AugmentedGPLikelihoods

Documentation for AugmentedGPLikelihoods.

Gaussian Processes (GPs) are great tools for working with function approximations including uncertainty. On top of Gaussian regression, GPs can be used as latent functions for a lot of different tasks such as non-Gaussian regression, classification, multi-class classification or event counting. However, these tasks involve non-conjugate likelihoods and the GP posterior is then intractable. The typical solution is to approximate the posterior by either sampling from it or approximating it with another distribution. However, both these methods are computationally involved, require gradient and are not always guaranteed to converge.

The augmentation

An alternative proposed in [1] is to represent these non-conjugate likelihoods as scale-mixtures (sometimes requiring multiple steps) to obtain a conditionally conjugate likelihood. More concretely, some likelihoods can be written as:

\[ p(x) = \int q(x|\omega)d\pi(\omega).\]

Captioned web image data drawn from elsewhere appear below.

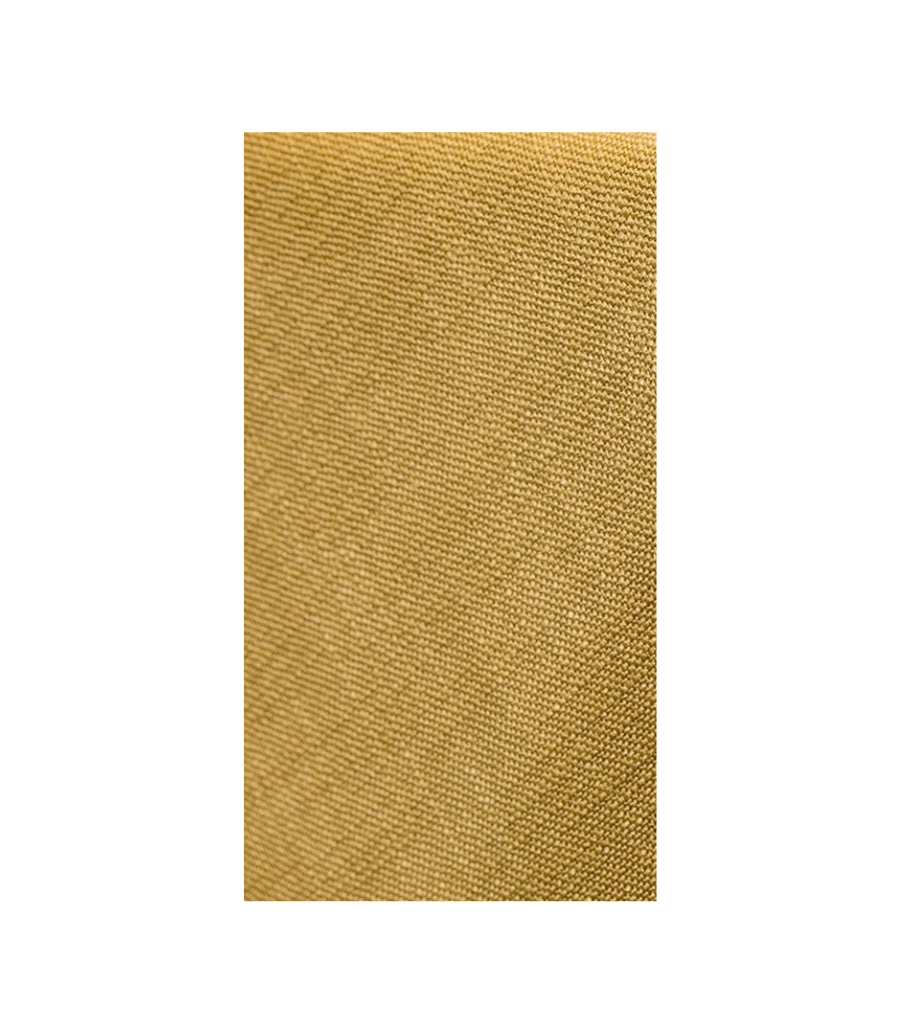 mustard coloured textured linen napkin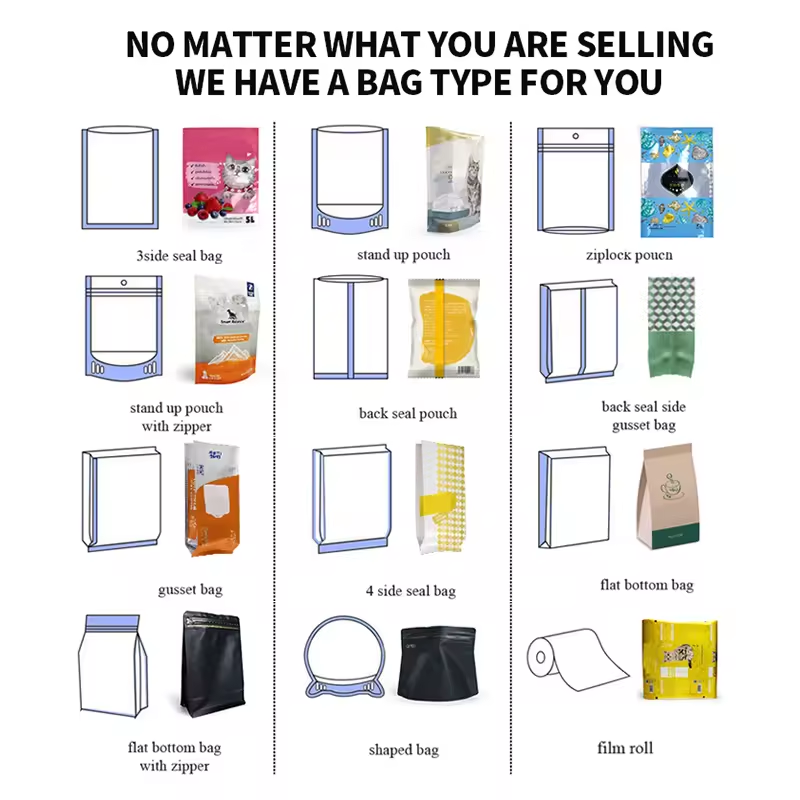 Mylar Bags Manufacturer - Custom Gravure Printing Stand Up Pouch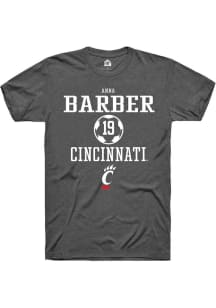 Anna Barber  Cincinnati Bearcats Dark Grey Rally NIL Sport Icon Short Sleeve T Shirt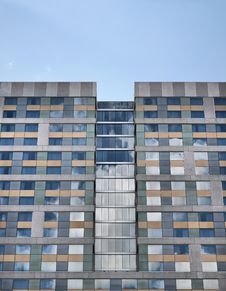 Clouds Reflected Building Windows Stock Images Clouds Reflected Building Windows Stock Images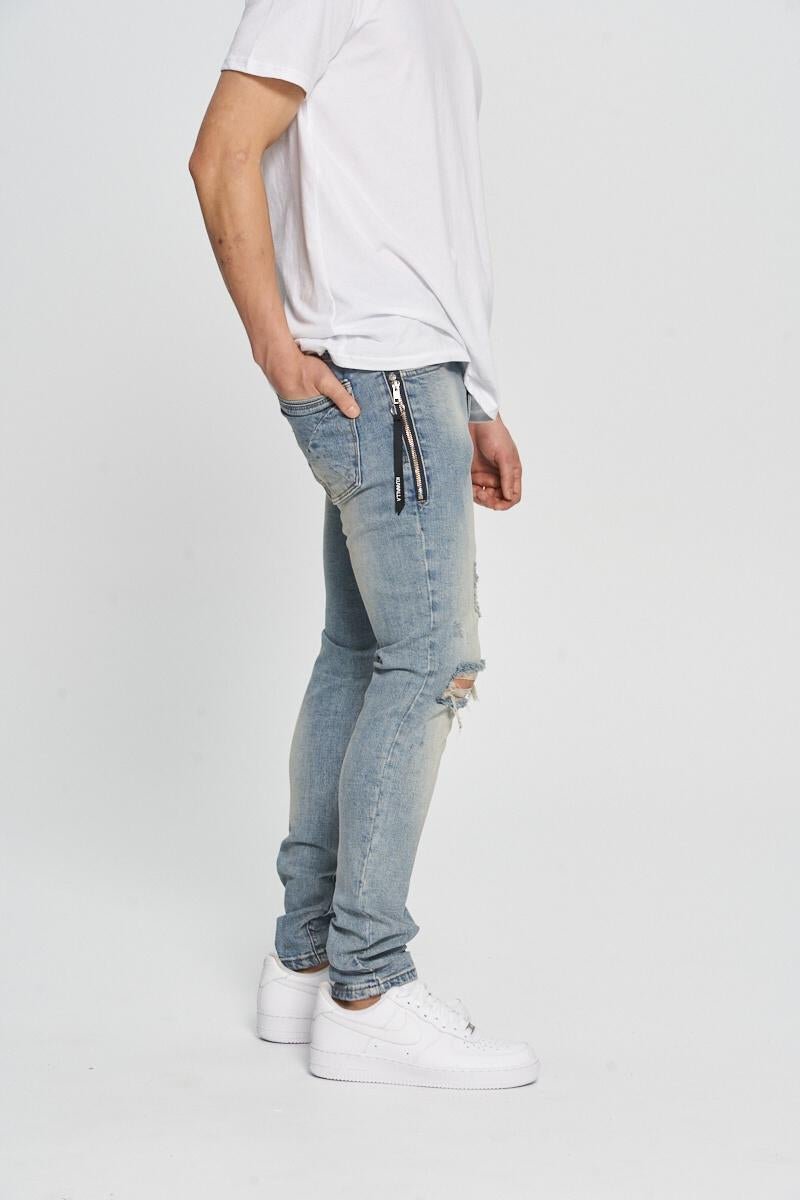 Destroyed Denim - Kuwalla - House of Drip Apparel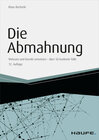 Buchcover Die Abmahnung - inkl. Arbeitshilfen online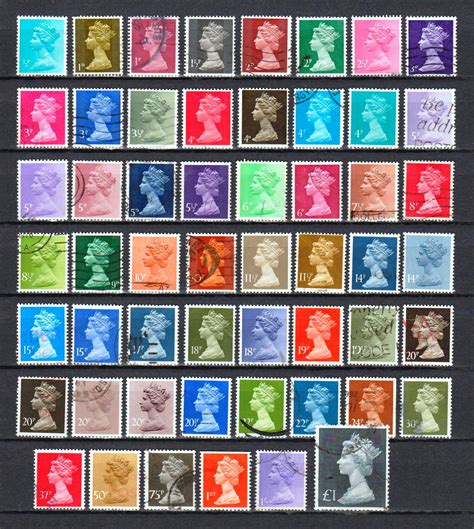 Great Britain Queen Elizabeth II stamps set used. 552c | Etsy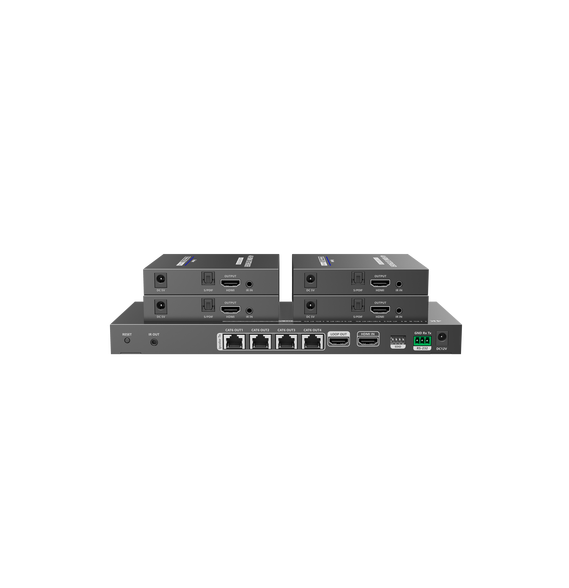 EPCOM TITANIUM TT824 TT824 Kit Divisor y Extensor HDMI / Divide 1 Fuente HDMI a 4 Pan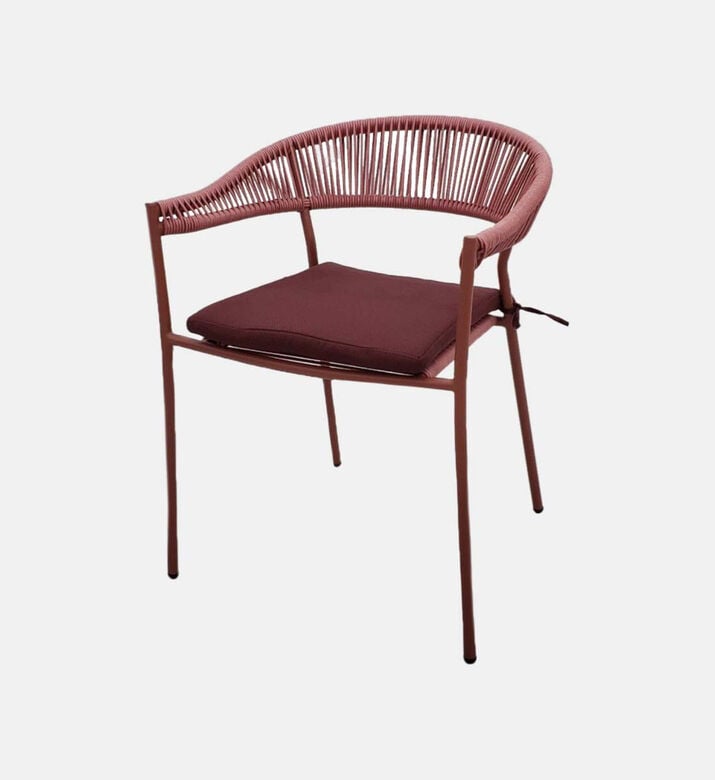 Home Deco and More Geneve Dinning Chair, Terracotta, Packshot View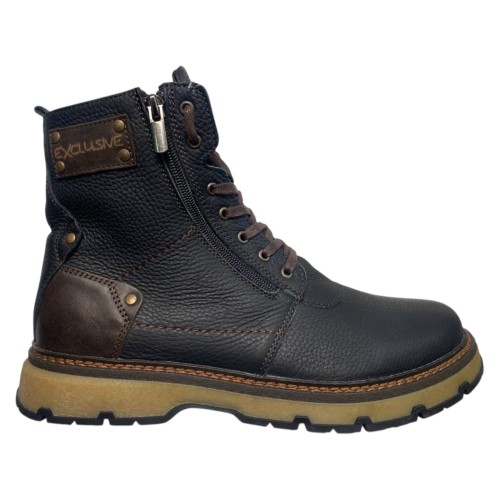 Черевики Чоловічі шкіряні ANGAK 136 коричневий хутро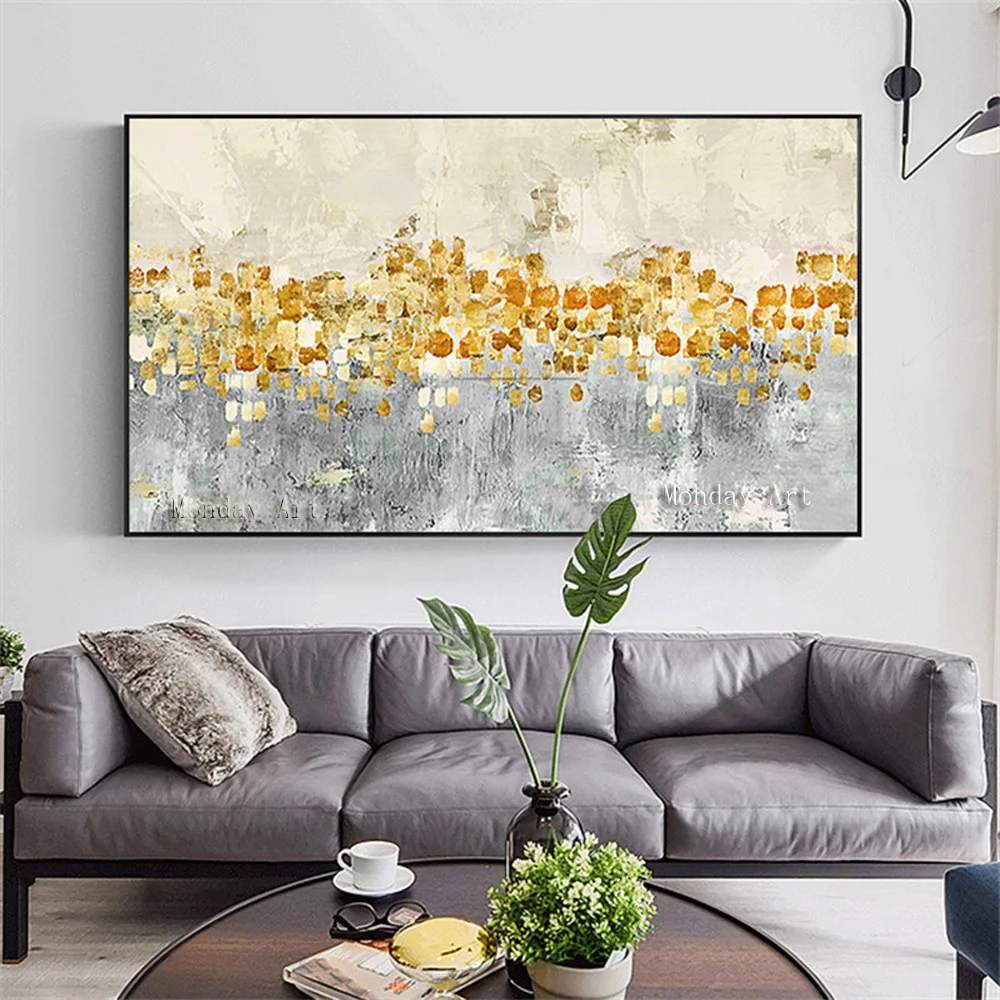 Canvas-painting-acrylic-gold-art-modern-abstract-painting-quadro-cuadros-decoracion-Wall-art-Pictures-for-living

One can then get rid of the integral by augmenting the model with the auxiliary variable $\omega$. With the right choice of mixture, one can obtain a likelihood conjugate with a GP $f$ but only when conditioned on $\omega$. This means we go from

\[ p(f|y) = \frac{p(y|f)p(f)}{p(y)},\]

which is intractable, to

\[ p(f,\omega|y) = \frac{p(y,\omega|f)p(f)}{p(y)},\]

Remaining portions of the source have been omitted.